Task to complete →
Keep the pictures out of the copy and repeat the records exactly.
· · · · · · ·
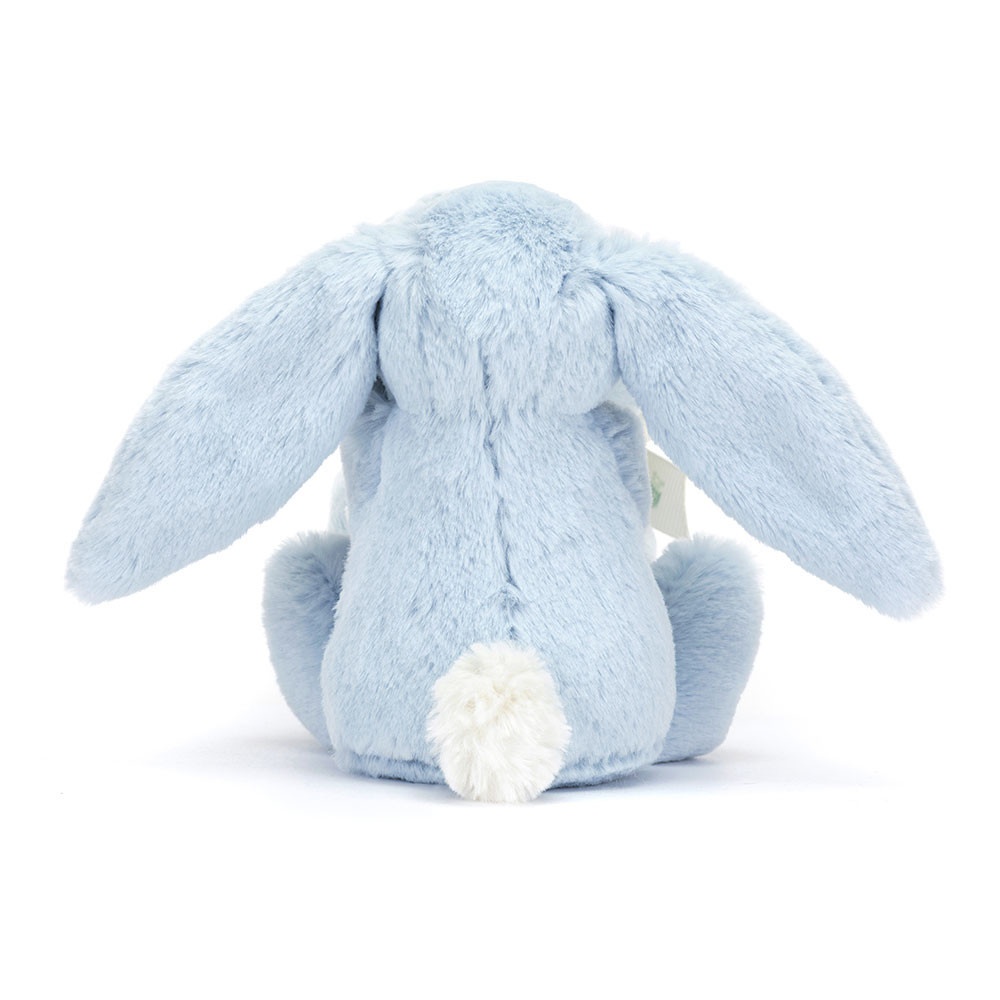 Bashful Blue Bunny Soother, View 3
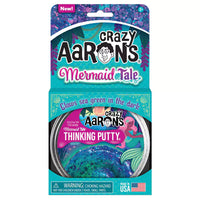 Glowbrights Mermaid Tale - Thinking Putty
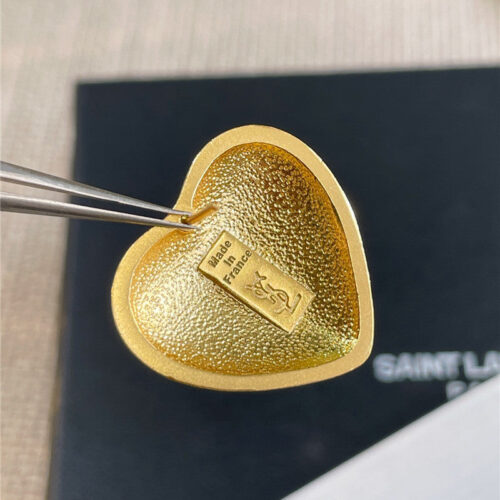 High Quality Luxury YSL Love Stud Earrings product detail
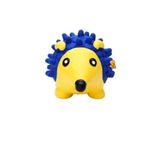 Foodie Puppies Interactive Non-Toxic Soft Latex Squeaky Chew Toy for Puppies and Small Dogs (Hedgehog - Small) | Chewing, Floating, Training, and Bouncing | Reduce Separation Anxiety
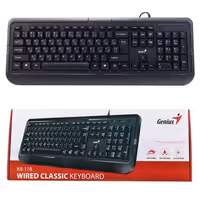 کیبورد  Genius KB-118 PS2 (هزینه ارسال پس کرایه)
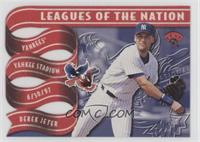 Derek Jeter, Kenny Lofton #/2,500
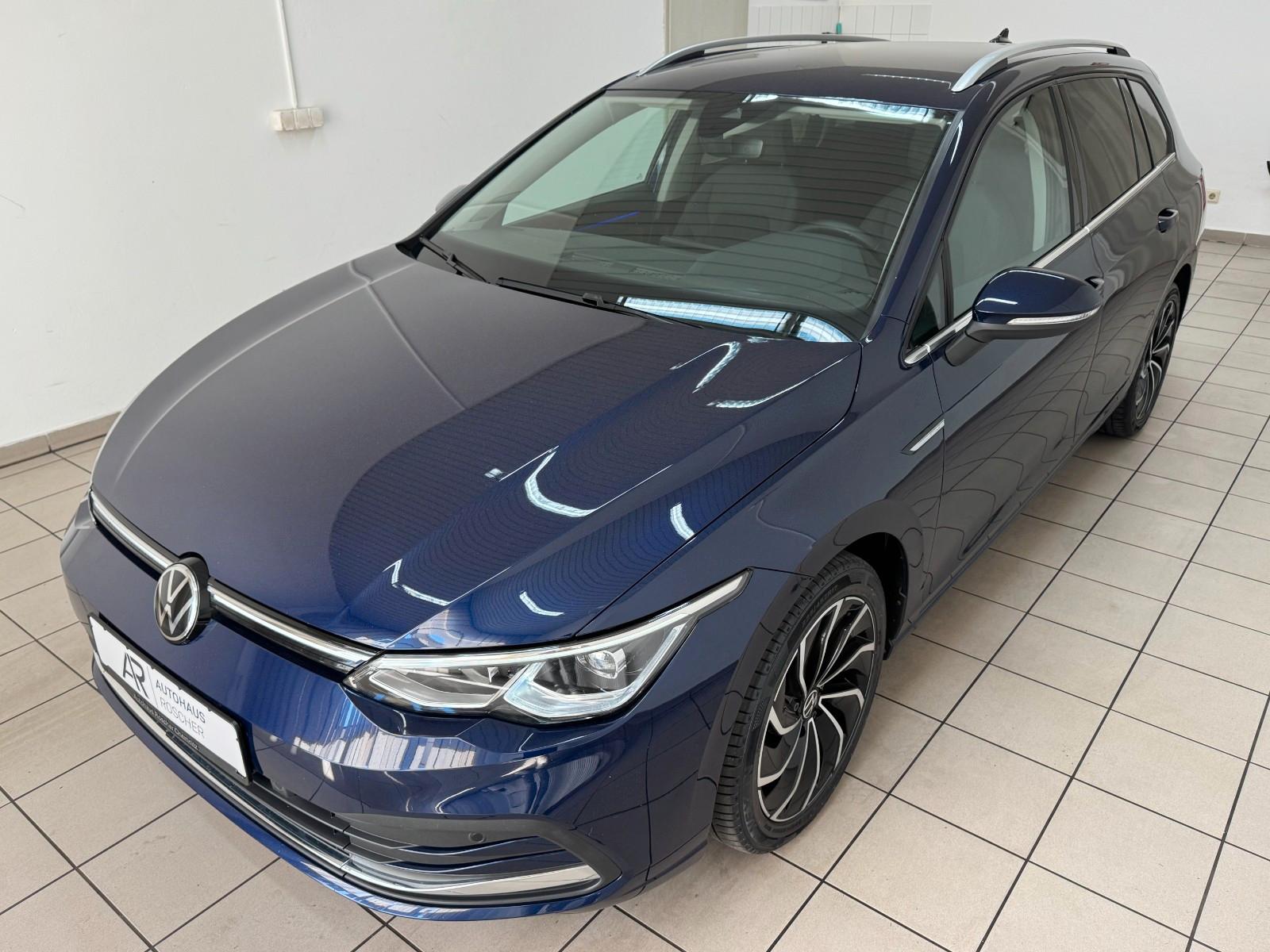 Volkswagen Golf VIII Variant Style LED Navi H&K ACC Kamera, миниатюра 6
· · · · · · ·
Output →
 Bashful Blue Bunny Soother, View 3
 Glowbrights Mermaid Tale - Thinking Putty
 High Quality Luxury YSL Love Stud Earrings product detail
 Foodie Puppies Interactive Non-Toxic Soft Latex Squeaky Chew Toy for Puppies and Small Dogs (Hedgehog - Small) | Chewing, Floating, Training, and Bouncing | Reduce Separation Anxiety
 کیبورد  Genius KB-118 PS2 (هزینه ارسال پس کرایه)
 Derek Jeter, Kenny Lofton #/2,500
 Volkswagen Golf VIII Variant Style LED Navi H&K ACC Kamera, миниатюра 6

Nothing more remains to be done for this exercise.